The Economics of Firearm Markets, Crime, and Gun Violence
In 2020, there were more than 45,000 deaths from gun-related injuries in the United States, primarily from murders and suicides. Gun violence has increased recently; it has a substantial impact on US mortality rates, especially at younger ages and for several population sub-groups. To better understand the determinants of gun violence and gun-related crime, as well as the impact of a range of public policies on these outcomes, the National Bureau of Economic Research (NBER) will convene a research conference on Thursday, March 7, 2024, in Cambridge, Massachusetts. The meeting will be organized by NBER affiliates Marcella Alsan (Harvard University), Philip Cook (Duke University), and Sara Heller (University of Michigan).
Research on a wide range of firearm-related issues drawing on various sub-fields of economics, including industrial organization, labor, law and economics, health, and public finance, is welcome. Particular topics of interest include, but are not limited to:
- The consequences and social costs of gun violence—violent crime, suicide, political violence, or mass shootings—for communities, children, policy preferences, residential and commercial location decisions, property values, health, and quality of life.
- The effects of regulations, taxes, and insurance rules on legal and secondary firearm markets, gun carrying, crime, suicide, and self-defense.
- The role of law enforcement in preventing gun crime and potentially misusing firearms.
- The effects of social programs on gun violence.
- The sources of firearms used in crime and suicide, including legal sale, illicit transactions, theft, and private manufacture.
The organizers welcome submissions of both empirical and theoretical research, including papers by scholars who are early in their careers, who are not NBER affiliates, and who are from groups that are under-represented in the economics profession. Completed papers, as well as work in progress that could be presented in a short paper session, may be submitted. Research presented at NBER conferences may not make policy recommendations.

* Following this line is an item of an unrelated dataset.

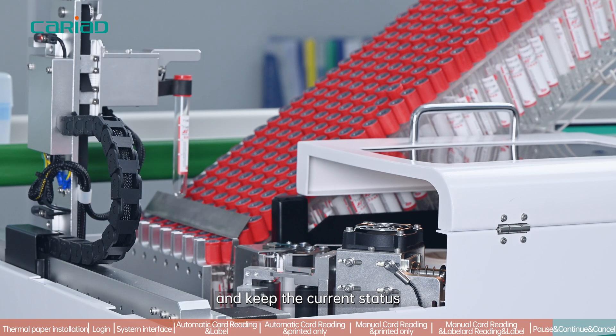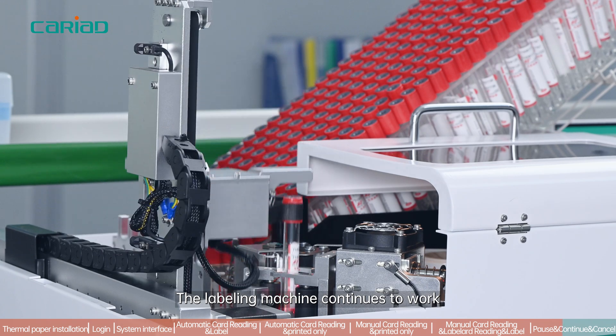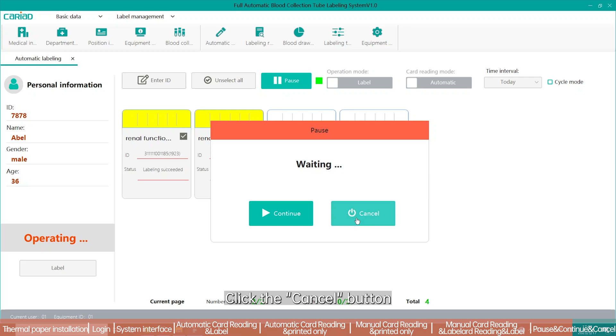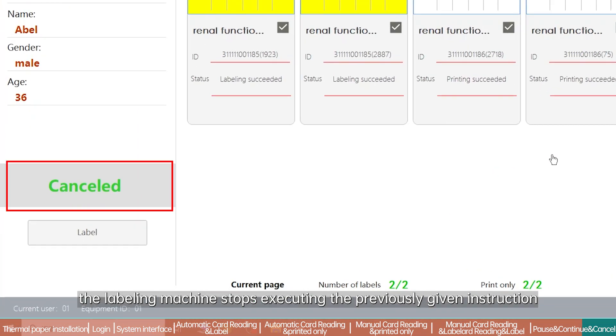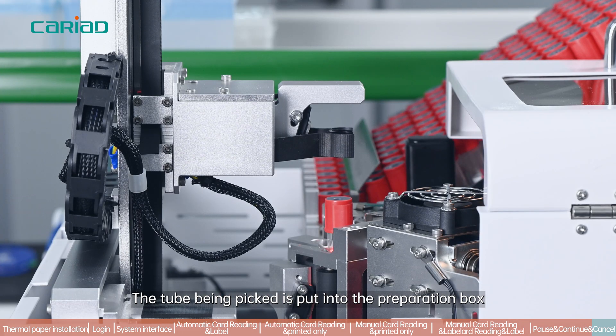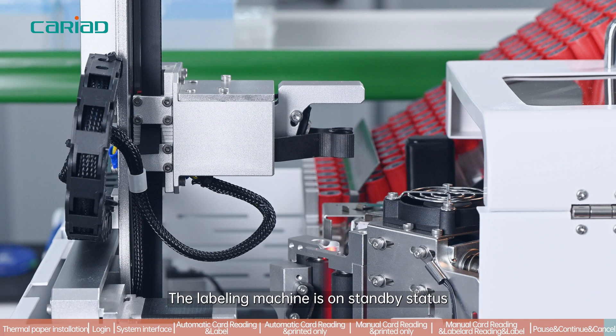During the automatic labeling process, clicking the pause button causes the labeling machine to automatically pause work in progress and keep the current status. Clicking the continue button resumes work to complete the unfinished labeling action. Clicking the cancel button stops execution of the previously given instruction; the tube being picked is placed into the preparation box, remaining unlabeled instructions are not executed, and the labeling machine returns to standby status.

To be considered for inclusion on the program, papers must be uploaded by midnight ET on Monday, October 2, 2023 via the following link:
Please do not submit papers that have been accepted for publication and that will be published by March 2024. Authors chosen to present papers will be notified by early November.
The conference will be held in hybrid format, with most paper presentations in person. The NBER will cover the travel costs for two authors per paper to participate in the meeting, subject to NBER travel reimbursement regulations. All additional authors are welcome to attend at their own expense. Questions about this conference may be addressed to firstname.lastname@example.org.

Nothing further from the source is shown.